Il professor Thelonious Ellison, detto Monk – e se non capite perché rischiate già di perdervi qualcosa, senza contare che poi pure Ellison non è un cognome scelto a caso… – il professor Thelonious Ellison, detto Monk, dicevo, è un cinquantenne scrittore e docente afroamericano di relativo insuccesso.

La sua carriera è in stallo anche perché non si riconosce né punto né poco nella letteratura black in voga in questi tempi politicamente corretti – è tutta roba amata soprattutto dai bianchi, sostiene Monk, i quali sono golosi di storie piene di cliché nate “in da ghetto” e scritte con il linguaggio popolare e sboccato dell’hip hop da neri che dicono fuck e magari hanno un anfibio di poliziotto che gli preme sul collo…

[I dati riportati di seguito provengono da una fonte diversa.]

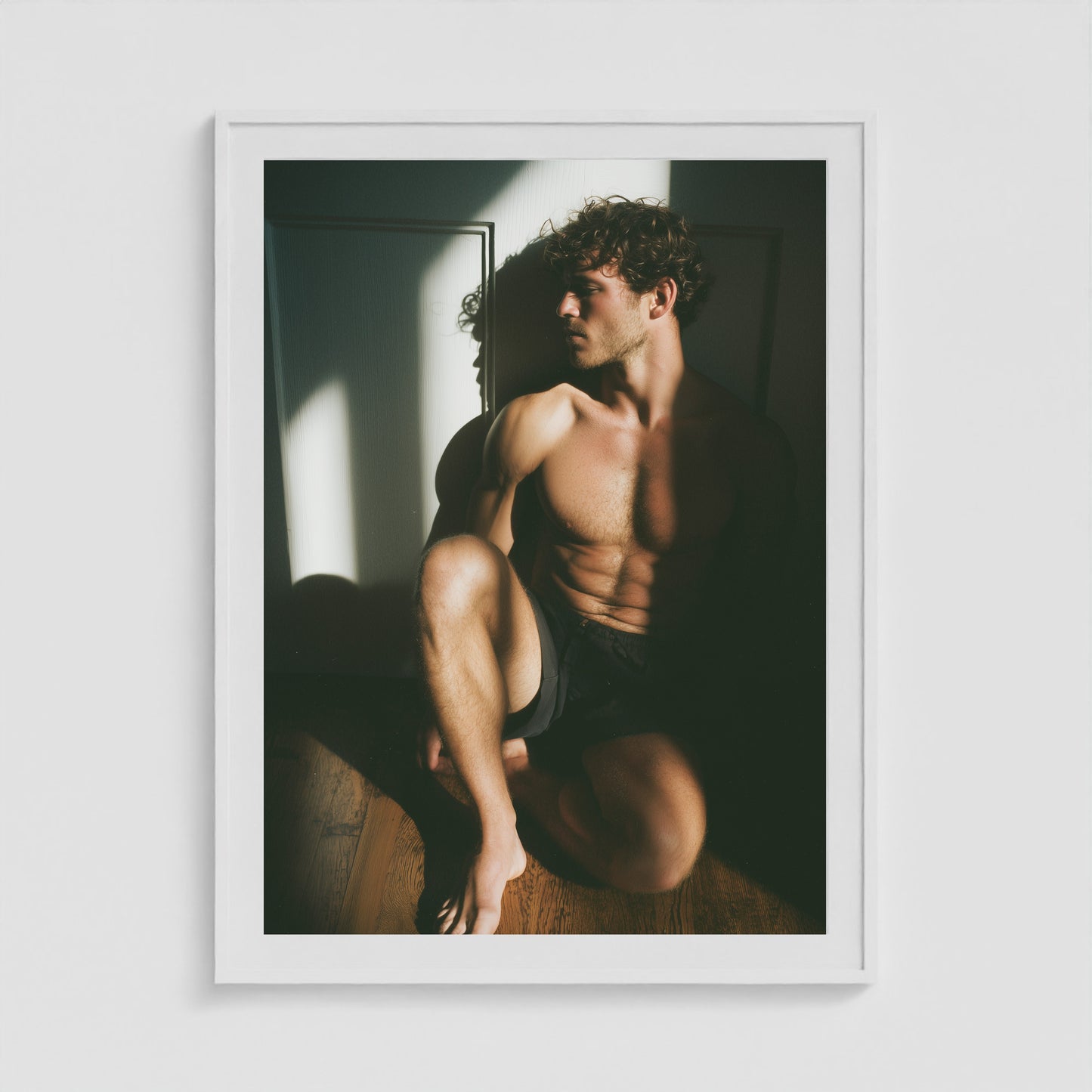Large 36x48 white portrait box frame highlighting the male figure in sunlit shadow art.
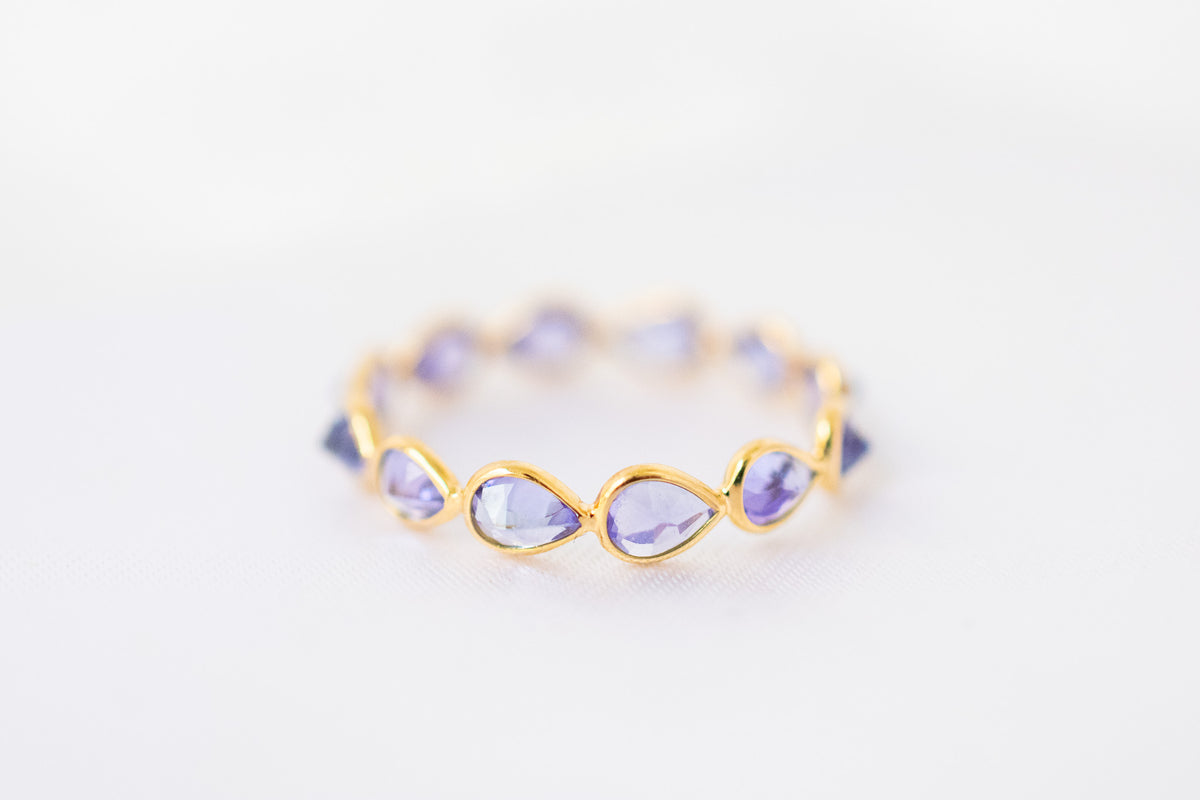 Pear-cut tanzanite gemstone eternity ring in 18K gold with bezel setting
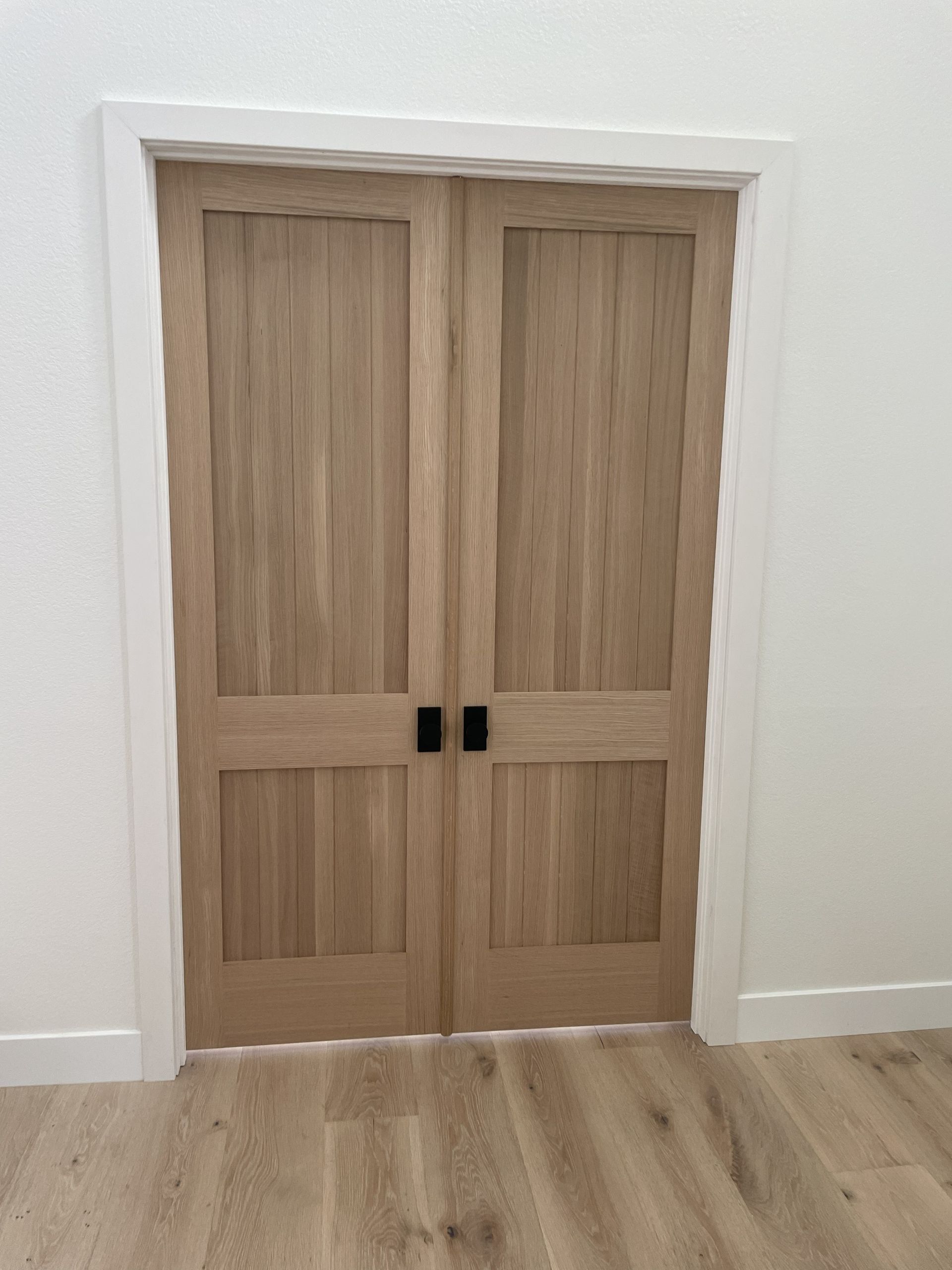 Double wooden doors with black handles in a white hallway with light wood flooring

Insomma: troppo libero pensatore per il suo college di Los Angeles, Monk finisce per scazzare con le autorità della scuola perché, oltre che snobbare la famigerata woke culture, cerca di insegnare la complessità dell’arte e della vita ai suoi studenti.

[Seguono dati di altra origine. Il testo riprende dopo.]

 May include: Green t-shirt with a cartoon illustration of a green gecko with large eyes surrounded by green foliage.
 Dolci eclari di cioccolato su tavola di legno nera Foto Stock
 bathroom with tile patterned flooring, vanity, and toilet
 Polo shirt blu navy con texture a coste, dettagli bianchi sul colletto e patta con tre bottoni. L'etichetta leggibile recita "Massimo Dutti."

Messo in sabbatico, quasi irriso dal successo toccato alla giovane e avvenente scrittrice black Sintara Golden che, benché cresciuta nei quartieri alti, possiede l’eloquio di un nigga di strada, Monk torna nella dignitosa Boston, dov’è cresciuto, e dove si confronta con la madre e il resto della sua famiglia di netta estrazione borghese.

Comunque. Durante rabbiose notti insonni, scrive per scherzo un romanzo-parodia in stile zio Tom contemporaneo, fingendo che si tratti del memoir di un detenuto on the run, e lo manda al suo agente. Manco a dirlo: gli si aprono tutte le porte, tra assegni d’anticipo a sei zeri e l’opzione per farne un film a Hollywood.

Ecco: American Fiction è sì questo film brillantemente intelligente e satirico ma, se desiderate, è pure un ben pesato dramedy con tutte le parti – pure quelle sentimentali – scritte al posto giusto.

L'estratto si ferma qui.